Quando um filho mente.

Conheço-a há tantos anos como os anos que tenho de trabalho. Sei que gosta de mim, do meu trabalho e que dificilmente me trocará enquanto eu estiver ao seu dispor. Actualmente, estamos na fase da consulta anual, em que predominam as questões "Está tudo bem?"; "A família está toda ela boa?" e as respostas vão surgindo e como sou Dentista, a maioria dos meus utentes acabam por me ouvir mais do eu a eles (e ainda bem, é bom sinal!), porque eu sou uma faladora nata (metralhadora dizem alguns) e tenho sempre algo a dizer ou comentar. 
O que a esta senhora não adivinhava, era que em menos de uma hora adiante, quase tudo estaría mal. 
Contou-me alegremente que já tinha conseguido convencer o filho e o marido a virem às minhas consultas, que também eles, adoravam-me de paixão e que eu era muito atenciosa e carinhosa para com eles.

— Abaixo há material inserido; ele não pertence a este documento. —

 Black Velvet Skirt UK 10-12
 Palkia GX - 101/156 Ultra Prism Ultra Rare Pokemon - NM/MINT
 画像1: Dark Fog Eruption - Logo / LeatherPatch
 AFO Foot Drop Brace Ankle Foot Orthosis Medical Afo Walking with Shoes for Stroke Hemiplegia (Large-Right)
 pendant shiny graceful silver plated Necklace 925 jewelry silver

Eu fiquei feliz, mas como atendo tanta gente não consegui identificar o XY e o YX de que me falava, mas os nomes não me eram de todos estranhos, porque além de serem nomes relativamente comuns, tinha-os visto quase de certeza há algumas semanas, embora adiantasse que não me lembrava especificamente deles, agradeci os elogios. 

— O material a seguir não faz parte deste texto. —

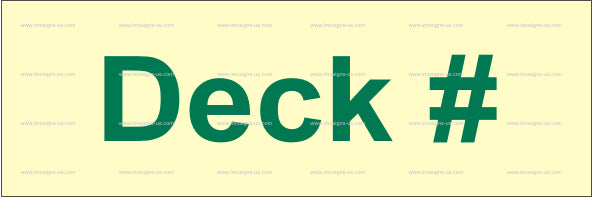 Deck # Sign (2.041)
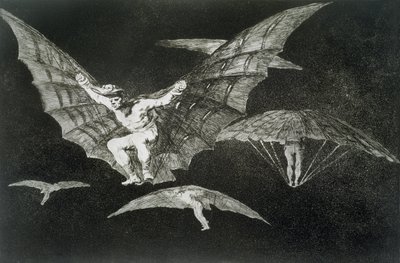 飛翔の道、「箴言」のプレート13 作： Francisco Jose de Goya y Lucientes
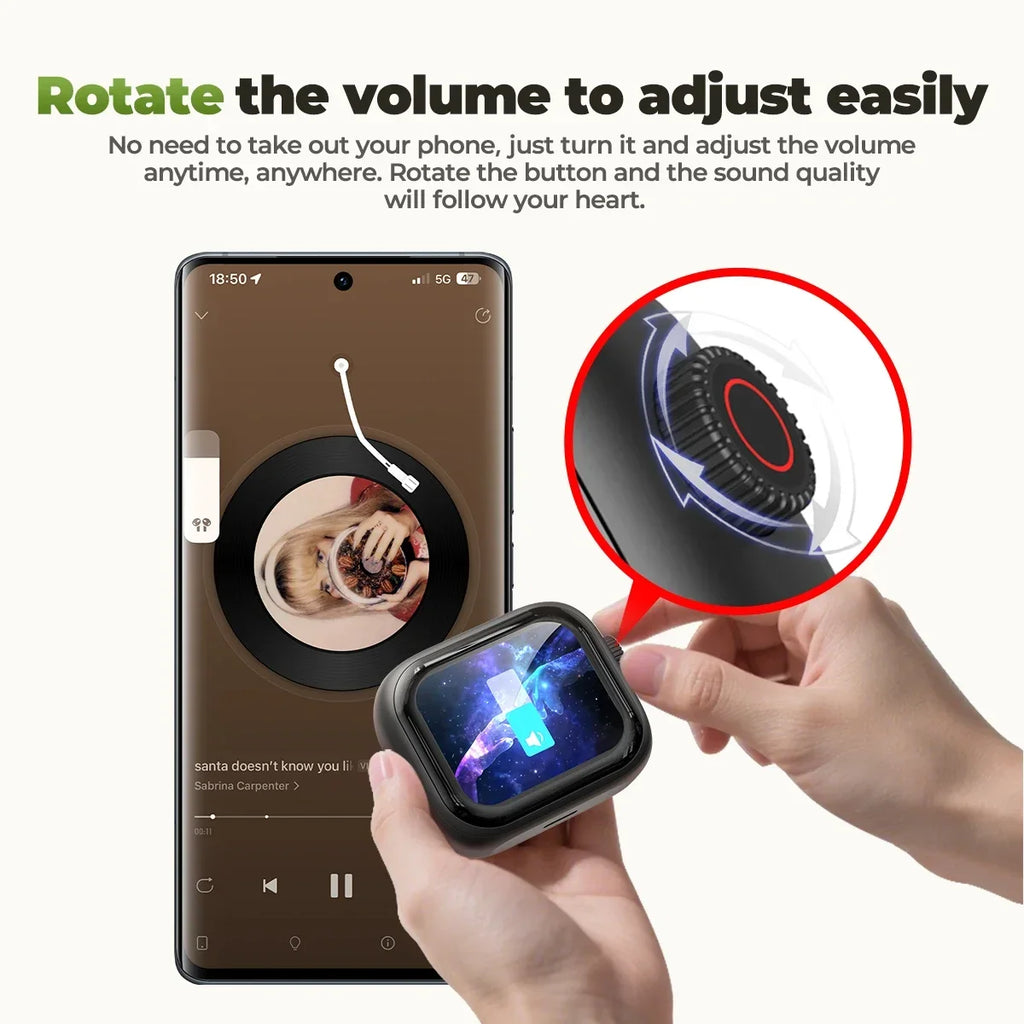 Auriculares TWS Bluetooth con Pantalla Táctil y Traductor IA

"Dra, diga-me só uma coisa. Não é pelo dinheiro, eu só quero que fique tudo bem com o meu filho e que ele finalmente tenha os dentes bonitos e tratadinhos! Eu sei que ele tem a boca numa miséria, o medo que ele tinha levou-o àquele estado, mas 1400 euros para tratar a boca toda?! Não é fácil e não é para qualquer um. Mas eu estou a ajudá-lo..."
Achei muito estranho um valor tão elevado para uma reabilitação removível, contudo tentei não o demonstrar, avançámos com a consulta da senhora e o pior veio pouco depois.
"Dra, pode por favor dizer-me quando é o meu filho regressa à consulta?"
O programa informático com o nome completo do doente permite-me ver todo o registo do utente.
A pessoa em questão não vem ao consultório desde 2014.
Ele e o pai. 
Custou-me a proferir as palavras subsequentes, saber que o que estou a explicar está a magoar, no olhar que me retribuía não vi espanto, nem vergonha.
Apenas vi mágoa
O que disse a seguir partiu-me o coração.

"Pronto, não diga mais nada, eu bem sei o filho que tenho..."

E a raiva que dá saber que há cabrões assim, capazes disto e muito mais?